Show every line in the records below that contains the word "paper".

THE DATA =
▼

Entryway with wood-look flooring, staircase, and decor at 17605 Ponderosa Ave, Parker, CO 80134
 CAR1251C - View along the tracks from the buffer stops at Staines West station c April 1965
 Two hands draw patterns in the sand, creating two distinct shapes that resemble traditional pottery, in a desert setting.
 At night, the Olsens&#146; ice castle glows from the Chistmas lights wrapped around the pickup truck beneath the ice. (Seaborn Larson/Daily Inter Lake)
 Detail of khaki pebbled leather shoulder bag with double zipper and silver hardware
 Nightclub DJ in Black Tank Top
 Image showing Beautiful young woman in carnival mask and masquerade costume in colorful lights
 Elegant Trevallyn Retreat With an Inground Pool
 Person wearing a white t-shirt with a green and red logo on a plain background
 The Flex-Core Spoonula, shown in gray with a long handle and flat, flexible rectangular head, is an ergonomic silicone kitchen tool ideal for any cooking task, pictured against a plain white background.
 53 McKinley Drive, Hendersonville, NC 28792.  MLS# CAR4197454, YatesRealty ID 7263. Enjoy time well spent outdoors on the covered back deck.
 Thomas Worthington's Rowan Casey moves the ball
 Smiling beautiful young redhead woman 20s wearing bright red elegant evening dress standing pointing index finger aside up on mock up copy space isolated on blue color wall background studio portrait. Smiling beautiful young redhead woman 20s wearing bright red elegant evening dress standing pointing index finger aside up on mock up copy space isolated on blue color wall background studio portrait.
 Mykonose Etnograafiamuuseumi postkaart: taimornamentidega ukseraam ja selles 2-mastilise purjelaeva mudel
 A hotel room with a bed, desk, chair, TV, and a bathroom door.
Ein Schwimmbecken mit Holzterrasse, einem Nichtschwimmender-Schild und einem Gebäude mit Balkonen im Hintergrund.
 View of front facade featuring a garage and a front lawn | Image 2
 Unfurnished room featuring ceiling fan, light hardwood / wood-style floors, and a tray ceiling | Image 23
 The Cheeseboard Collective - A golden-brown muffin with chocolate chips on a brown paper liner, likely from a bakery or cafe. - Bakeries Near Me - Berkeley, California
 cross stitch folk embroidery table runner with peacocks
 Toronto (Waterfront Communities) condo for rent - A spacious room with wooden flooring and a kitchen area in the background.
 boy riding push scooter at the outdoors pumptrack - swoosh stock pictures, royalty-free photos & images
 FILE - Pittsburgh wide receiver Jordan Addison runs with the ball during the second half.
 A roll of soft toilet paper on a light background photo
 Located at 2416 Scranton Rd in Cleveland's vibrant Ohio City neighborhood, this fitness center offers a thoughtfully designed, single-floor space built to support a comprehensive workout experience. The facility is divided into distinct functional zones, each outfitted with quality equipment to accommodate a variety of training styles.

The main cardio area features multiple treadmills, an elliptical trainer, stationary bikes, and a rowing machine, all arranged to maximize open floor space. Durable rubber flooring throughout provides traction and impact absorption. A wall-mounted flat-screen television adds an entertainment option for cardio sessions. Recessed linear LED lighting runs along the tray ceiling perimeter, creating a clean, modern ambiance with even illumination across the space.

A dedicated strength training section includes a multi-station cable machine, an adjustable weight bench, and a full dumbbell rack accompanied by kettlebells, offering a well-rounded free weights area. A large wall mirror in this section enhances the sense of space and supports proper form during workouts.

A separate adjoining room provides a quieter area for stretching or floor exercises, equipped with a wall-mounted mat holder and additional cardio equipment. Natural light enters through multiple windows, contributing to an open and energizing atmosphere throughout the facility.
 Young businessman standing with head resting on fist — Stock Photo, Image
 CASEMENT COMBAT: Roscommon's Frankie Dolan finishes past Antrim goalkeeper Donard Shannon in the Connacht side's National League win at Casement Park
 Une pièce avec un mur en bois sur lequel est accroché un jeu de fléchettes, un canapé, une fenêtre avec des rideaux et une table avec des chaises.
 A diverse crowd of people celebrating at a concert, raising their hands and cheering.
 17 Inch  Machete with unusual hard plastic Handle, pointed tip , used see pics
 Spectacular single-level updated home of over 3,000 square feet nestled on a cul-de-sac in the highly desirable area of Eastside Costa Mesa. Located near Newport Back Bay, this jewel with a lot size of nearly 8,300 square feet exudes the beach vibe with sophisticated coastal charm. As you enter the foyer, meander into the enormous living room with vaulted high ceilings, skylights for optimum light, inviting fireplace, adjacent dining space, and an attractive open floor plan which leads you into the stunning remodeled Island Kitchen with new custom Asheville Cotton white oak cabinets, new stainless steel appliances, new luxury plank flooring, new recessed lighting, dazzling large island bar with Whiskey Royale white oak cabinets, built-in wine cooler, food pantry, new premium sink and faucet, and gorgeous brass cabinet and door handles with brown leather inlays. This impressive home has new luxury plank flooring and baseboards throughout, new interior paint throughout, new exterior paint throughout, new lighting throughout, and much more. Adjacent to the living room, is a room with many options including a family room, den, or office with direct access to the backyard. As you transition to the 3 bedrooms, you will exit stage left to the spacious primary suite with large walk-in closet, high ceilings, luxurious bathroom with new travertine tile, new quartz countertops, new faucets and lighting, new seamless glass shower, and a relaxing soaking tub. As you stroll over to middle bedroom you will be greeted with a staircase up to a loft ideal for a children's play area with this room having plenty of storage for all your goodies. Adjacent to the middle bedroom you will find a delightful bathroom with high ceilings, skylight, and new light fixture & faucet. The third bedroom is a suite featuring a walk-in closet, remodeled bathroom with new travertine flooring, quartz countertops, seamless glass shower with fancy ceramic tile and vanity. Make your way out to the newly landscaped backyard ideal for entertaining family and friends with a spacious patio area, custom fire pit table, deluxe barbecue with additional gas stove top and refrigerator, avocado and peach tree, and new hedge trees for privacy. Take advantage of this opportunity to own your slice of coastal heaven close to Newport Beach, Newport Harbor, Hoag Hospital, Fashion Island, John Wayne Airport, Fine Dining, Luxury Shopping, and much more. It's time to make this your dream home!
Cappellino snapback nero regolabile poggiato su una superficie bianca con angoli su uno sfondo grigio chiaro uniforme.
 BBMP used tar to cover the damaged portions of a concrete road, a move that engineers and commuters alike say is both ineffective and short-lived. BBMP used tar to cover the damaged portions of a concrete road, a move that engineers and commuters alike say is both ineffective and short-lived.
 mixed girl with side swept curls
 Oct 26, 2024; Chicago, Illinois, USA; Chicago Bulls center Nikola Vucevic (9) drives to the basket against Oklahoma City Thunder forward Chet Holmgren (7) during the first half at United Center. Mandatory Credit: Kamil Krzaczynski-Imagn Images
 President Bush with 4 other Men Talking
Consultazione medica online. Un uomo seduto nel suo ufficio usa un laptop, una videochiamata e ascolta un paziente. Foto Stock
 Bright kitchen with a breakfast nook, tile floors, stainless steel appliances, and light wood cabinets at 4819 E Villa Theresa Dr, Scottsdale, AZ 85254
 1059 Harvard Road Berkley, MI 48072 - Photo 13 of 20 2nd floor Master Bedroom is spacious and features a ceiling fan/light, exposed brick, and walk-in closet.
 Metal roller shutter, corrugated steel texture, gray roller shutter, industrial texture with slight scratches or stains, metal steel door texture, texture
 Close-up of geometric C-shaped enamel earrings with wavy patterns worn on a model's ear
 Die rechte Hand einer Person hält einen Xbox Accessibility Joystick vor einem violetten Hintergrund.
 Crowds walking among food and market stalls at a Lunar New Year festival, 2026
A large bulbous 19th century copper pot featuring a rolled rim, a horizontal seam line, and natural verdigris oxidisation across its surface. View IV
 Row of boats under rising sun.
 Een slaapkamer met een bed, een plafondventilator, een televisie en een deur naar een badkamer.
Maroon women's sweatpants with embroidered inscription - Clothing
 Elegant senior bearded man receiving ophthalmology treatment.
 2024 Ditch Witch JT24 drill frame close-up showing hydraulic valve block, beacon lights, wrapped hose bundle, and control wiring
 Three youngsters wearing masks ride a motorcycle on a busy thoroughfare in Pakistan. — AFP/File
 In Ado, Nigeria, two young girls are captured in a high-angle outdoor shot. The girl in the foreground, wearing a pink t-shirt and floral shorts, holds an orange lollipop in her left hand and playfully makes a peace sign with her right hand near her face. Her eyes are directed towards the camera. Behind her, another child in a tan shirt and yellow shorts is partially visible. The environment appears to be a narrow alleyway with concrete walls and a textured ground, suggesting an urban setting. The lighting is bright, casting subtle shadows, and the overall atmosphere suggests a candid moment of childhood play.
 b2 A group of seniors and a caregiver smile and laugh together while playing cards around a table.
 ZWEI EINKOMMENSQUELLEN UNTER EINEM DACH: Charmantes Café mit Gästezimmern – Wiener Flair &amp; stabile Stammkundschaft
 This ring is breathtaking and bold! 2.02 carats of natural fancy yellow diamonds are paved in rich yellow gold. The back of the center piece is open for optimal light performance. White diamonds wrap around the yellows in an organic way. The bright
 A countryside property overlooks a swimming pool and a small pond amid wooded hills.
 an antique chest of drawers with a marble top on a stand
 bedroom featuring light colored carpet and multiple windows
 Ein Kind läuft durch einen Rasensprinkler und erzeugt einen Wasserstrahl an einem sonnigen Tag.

▲

ANSWER TO THIS TASK =
 The Cheeseboard Collective - A golden-brown muffin with chocolate chips on a brown paper liner, likely from a bakery or cafe. - Bakeries Near Me - Berkeley, California
 A roll of soft toilet paper on a light background photo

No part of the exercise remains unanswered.